Timmeh found this recipe in the online Detroit Free Press. He didn't directly ask me to make them, but I got the hint loud and clear.
(From and tested by Mary Spencer of Taste: A Cook's Place Northville MI)
1 cup all-purpose flour
1/3 cup Dutch process cocoa powder
1/2 cup unsalted butter, softened
2/3 cup sugar
1/4 teaspoon salt
1 egg yolk
2 tablespoons whole milk
1 teaspoon vanilla extract
1 cup finely chopped hazelnuts
1 egg white, lightly beaten
1/2 to 1 cup Nutella (hazelnut spread)
Toasted whole hazelnuts
In a small bowl, combine flour and cocoa powder; set aside.
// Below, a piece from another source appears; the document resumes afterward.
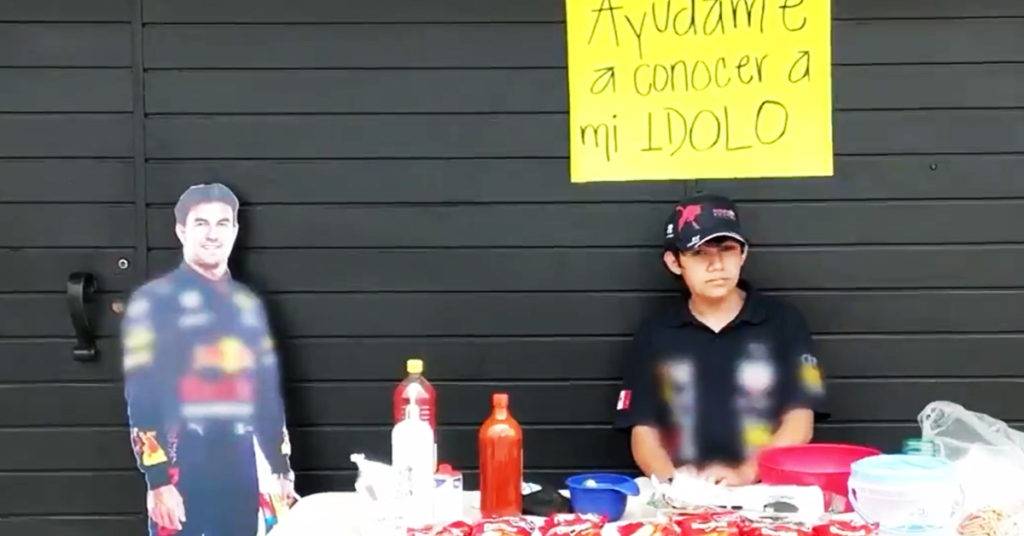 Un niño en Michoacán se hizo viral luego de que pusiera un puesto de botanas para ahorrar dinero y poder ver a 'Checo' Pérez en el Gran Premio de México.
In a medium bowl, beat butter with an electric mixer on medium speed for 30 seconds. Add sugar and salt; beat until combined, scraping the side of the bowl occasionally. Beat in egg yolk, milk and vanilla until combined. Beat in the flour mixture. Cover and chill in the refrigerator for 1 hour.
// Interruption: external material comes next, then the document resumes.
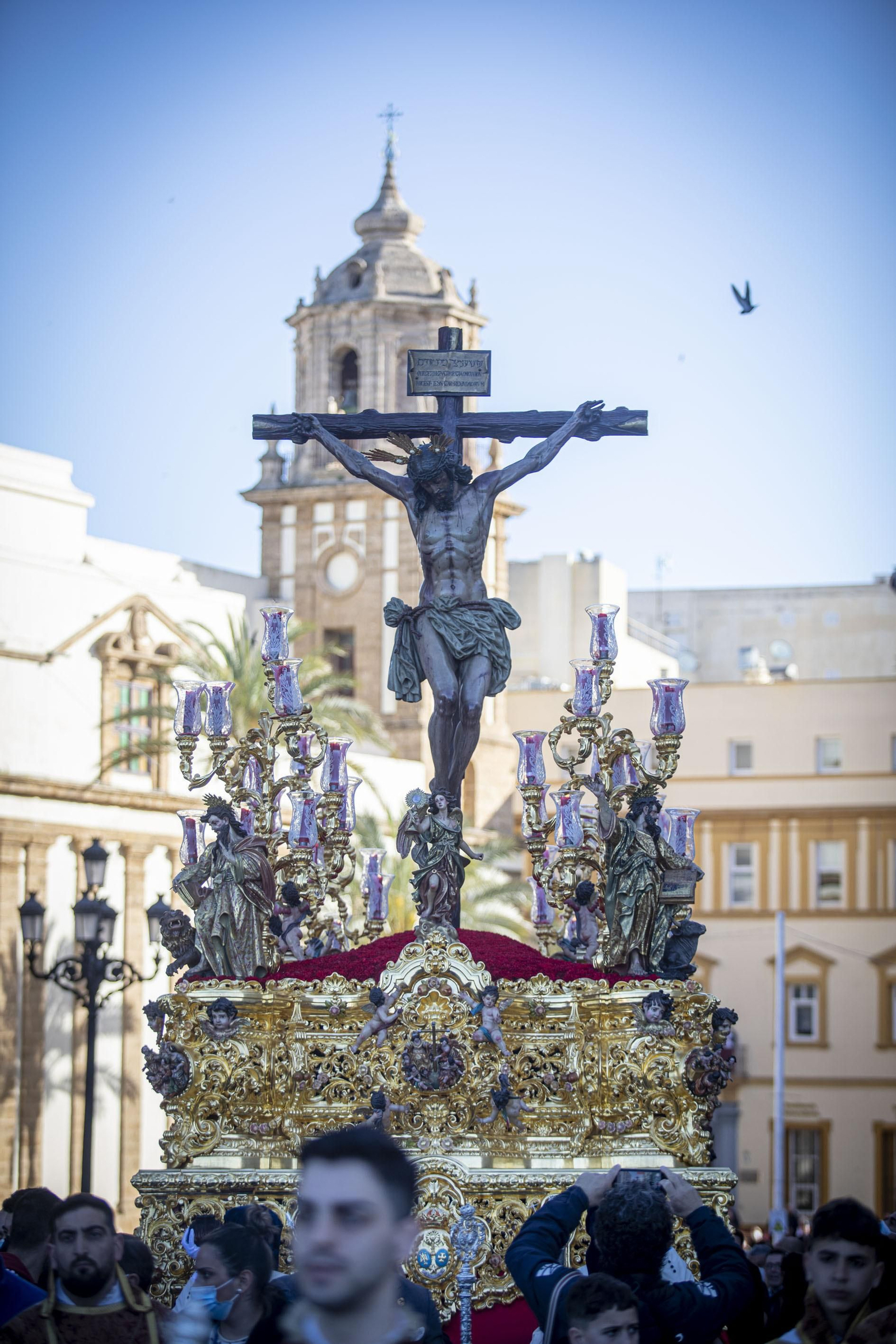 Imágenes del regreso de La Palma a su templo en la Semana Santa de Cádiz 2022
Preheat the oven to 350 degrees. Grease 2 baking sheets or line them with parchment paper. Shape dough into 1-inch balls. On a sheet of waxed paper, place the chopped hazelnuts. Dip the balls in the egg white and roll in the chopped nuts. Place cookies 1 inch apart on a prepared baking sheet. Using your thumb, make an indentation in the center of each cookie. Bake for 10 to 12 minutes or until edges are firm.
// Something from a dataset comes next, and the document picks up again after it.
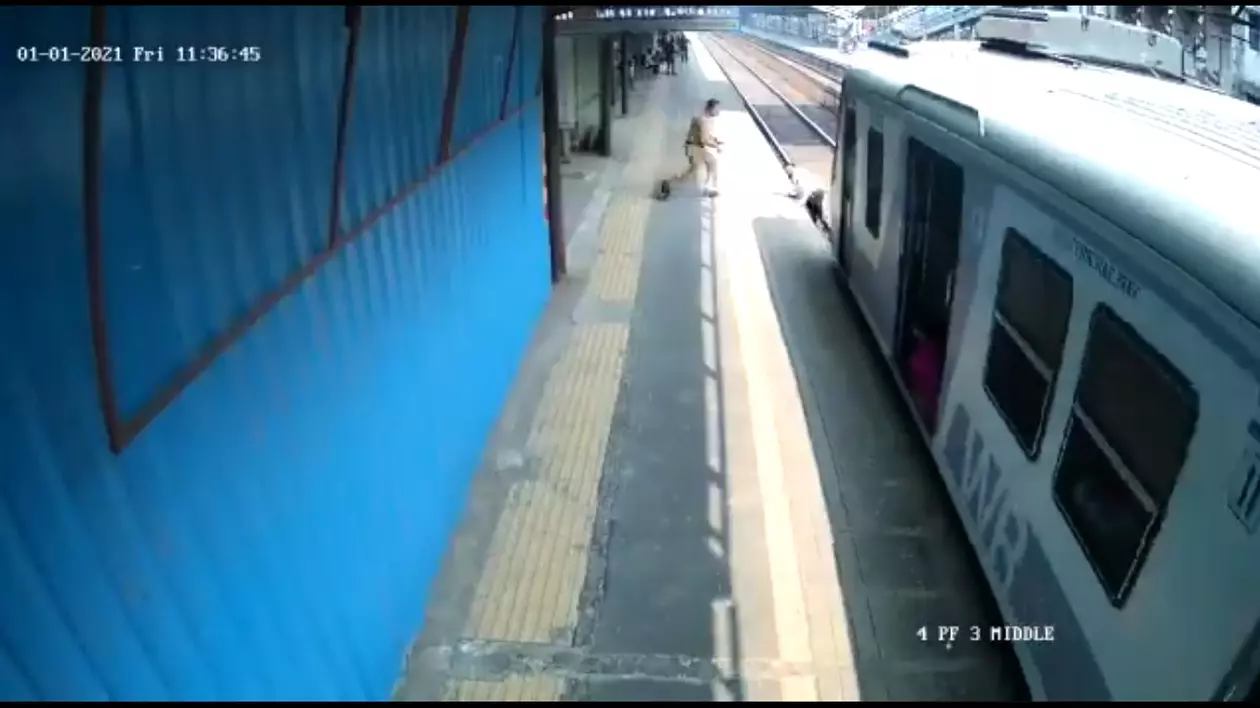 VIDEO | Imagini virale: Un polițist a salvat un om care a fost aproape să fie călcat de tren, în India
Remove from oven and immediately use the rounded side of a 1 teaspoon measuring spoon to press down the center of each cookie. Transfer to wire racks and cool.
Once cool, spoon or pipe with a pastry bag fitted with a round tip a teaspoon of Nutella into the center of each cookie. Press a whole hazelnut on top.
Makes about 30 cookies
(I really did use my thumb)
(The small end of a mellon baller works well for making the indents after baking. They're a little fudgy in the centers)
(Two table knives work well for depositing the Nutella in the centers)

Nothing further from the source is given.